How did I come up with my free-agency grades for players?
Here's what I do when I look at free agents: I look at productivity going forward, which means age matters. So when I graded each of the 150 players, I took that into account.
As a general manager, I wouldn't want to spend on a guy whose best football is behind him. I'd pay based on what's to come, not what has already happened.
So that's the basic tenet for how I rank players. It's not what you did just last year, but what you can do going forward.
I think that's why you see some disparity between my rankings and Kirwan's rankings. Take Minnesota defensive end Jared Allen. Kirwan gave him a rating of 82. I gave him 69.
I do think Allen, who is 32, can help for a year or two, but in terms of ranking on a free-agent list, he's too old for my liking -- thus, the lower ranking.
I gave Green Bay corner Sam Shields a grade of 84, while Kirwan gave him a grade of 59. Shields is 26 years old and a good cover corner. I think his best football is in front of him, and he plays a value position, which is why he received the high grade from me.

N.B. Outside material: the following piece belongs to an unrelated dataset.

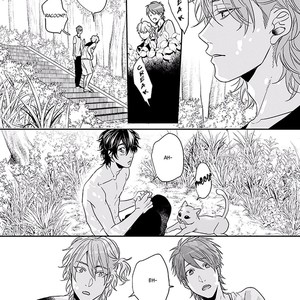 [Ogeretsu Tanaka] Yarichin Bitch Bu (update Vol3 Extra) [Eng] – Gay Manga sex 406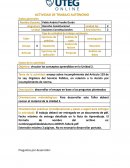 Ensayo sobre incumplimiento del Artículo 129 de la Ley Orgánica del Servicio Público, en relación a la Acción por incumplimiento de norma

Kirwan gave Vontae Leach, a 32-year-old fullback, a nice grade of 60. I gave him a 39. Why? You can find fullbacks in the draft, and he's old. Bad combination.
So as you look through our grades here on our free-agency list, just remember I grade on future value, not the past. A player could be coming off a big season, but if he's older, and his career is winding down, he doesn't warrant a big grade on my list. That isn't always the case, depending on the position, but most of the time.
For the most part, I like my top-rated players to be in the 26-29 age bracket. That's when the best football is usually played.